Available July 5 in theaters. (R)
Sound of Hope: The Story of Possum Trot **
It feels like a particular problem in earnest dramas that the editing betrays a lack of trust that the audience will grasp the seriousness of what’s transpiring on screen—and
Sound of Hope is one of those movies where nearly every scene feels like it’s 40 percent longer than it really needs to be functionally. The fact-based narrative by co-writer/director Joshua Weigel and co-writer Rebekah Weigel takes place circa 1996 in the small East Texas community of Possum Trot, where resident Donna Martin (Nika King) responds to the grief over her mother’s passing with a sense that she’s called to take in foster children, much to the initial resistance of her minister husband, WC (Demetrius Grosse). The story eventually evolves into the way many members of WC’s congregation are similarly moved to become adoptive parents, and the various challenges they all face with kids from deeply troubled backgrounds, and it’s a wonderful demonstration of Christian charity in action. The pacing, however, just keeps dragging through every plot point and new character introduction, while somehow only dealing superficially with the way a nearby wealthy, white megachurch shrugs at getting on board with helping out. King provides a strong central performance, but by the time
Sound of Hope reaches its “showing the real people at the end” coda—which also drags on for several minutes—it’s hard not to feel bludgeoned rather than inspired.

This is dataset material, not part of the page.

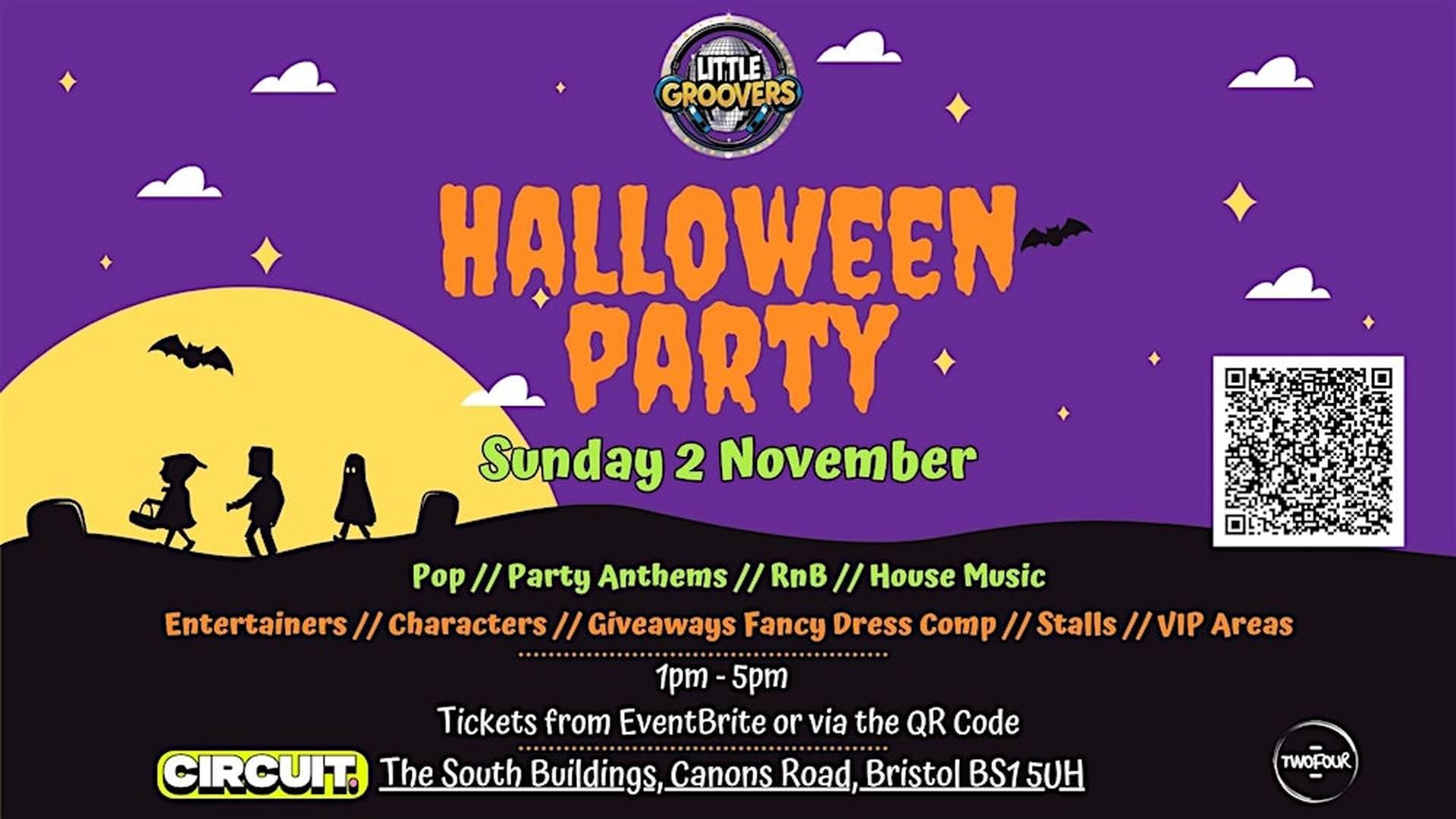Little Groovers - Halloween Party photo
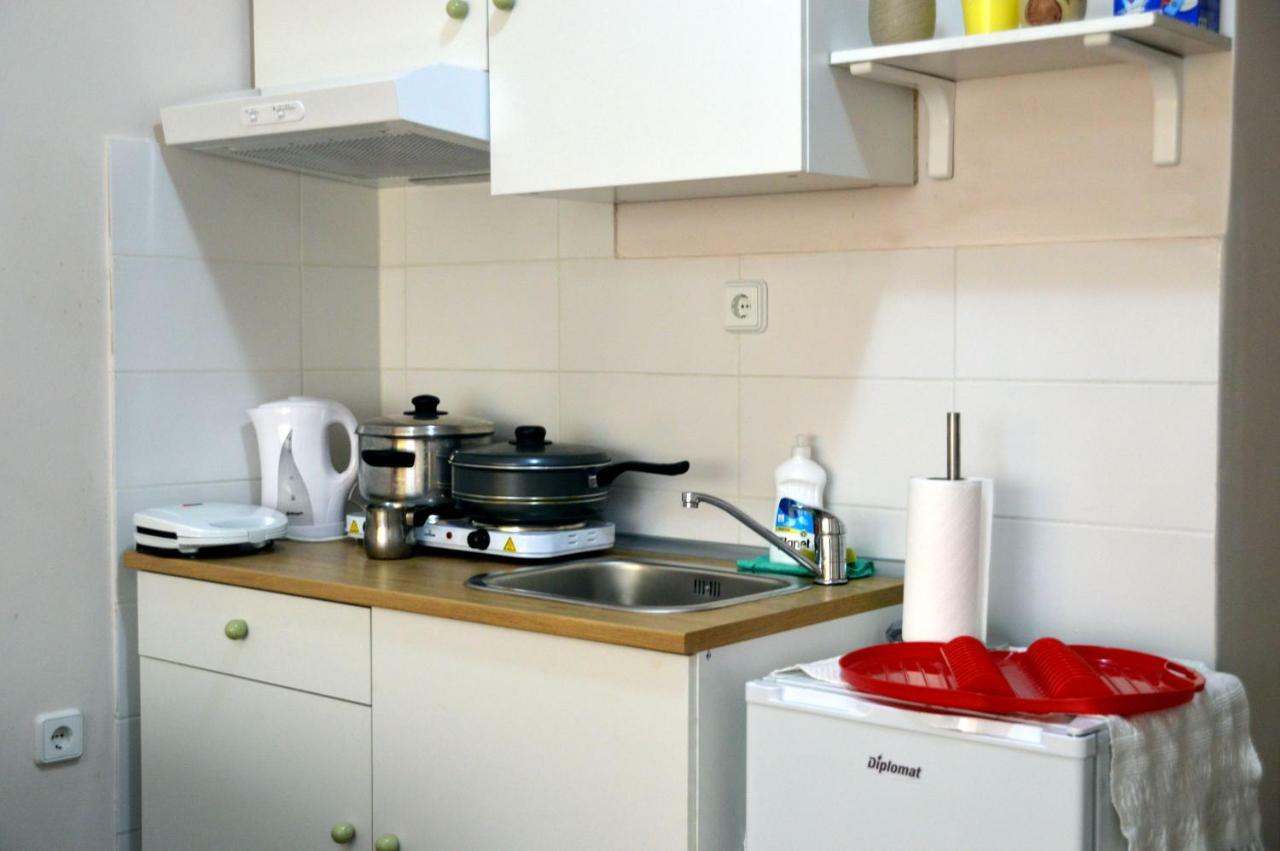 Eleni-Apartments Szaloniki Kültér fotó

Available July 4 in theaters. (PG-13)
Summer Solstice ***
Writer/director Noah Schamus’s low-key character pieces offers a great example of why status dynamics are the heart and soul of authentic-seeming relationships. It follows New York City-based struggling actor Leo (Bobbi Salvör Menuez), a trans man who gets a call from his college BFF Eleanor (Marianne Rendón), who’s passing through town and invites Leo for a long weekend together in upstate New York. Most of what follows deals with how they deal with reconnecting for the first substantial amount of time since Leo’s transition, but while there are certainly elements here specific to the trans experience of renegotiating relationships, it would be a mistake to think of this idea as exclusive to that experience. It’s a perfectly-pitched recognition of how certain friendships are based on who is the “alpha”—and, in this particular case, how Eleanor’s assumptions about how she can interact with Leo are based on the insecure person he used to be. Rendón’s performance is especially wonderful in this respect, finding a sweet spot for portraying an extroverted force of nature navigating the disappointments of her own life, while Menuez does an effective slow burn waiting for his friend to play emotional catch-up. Schamus’s script gets a little on-the-nose connecting a part Leo is reading for with the story we’re watching, but ultimately nails how complicated it can be for two people who have changed to try to hang on to the connection they once had.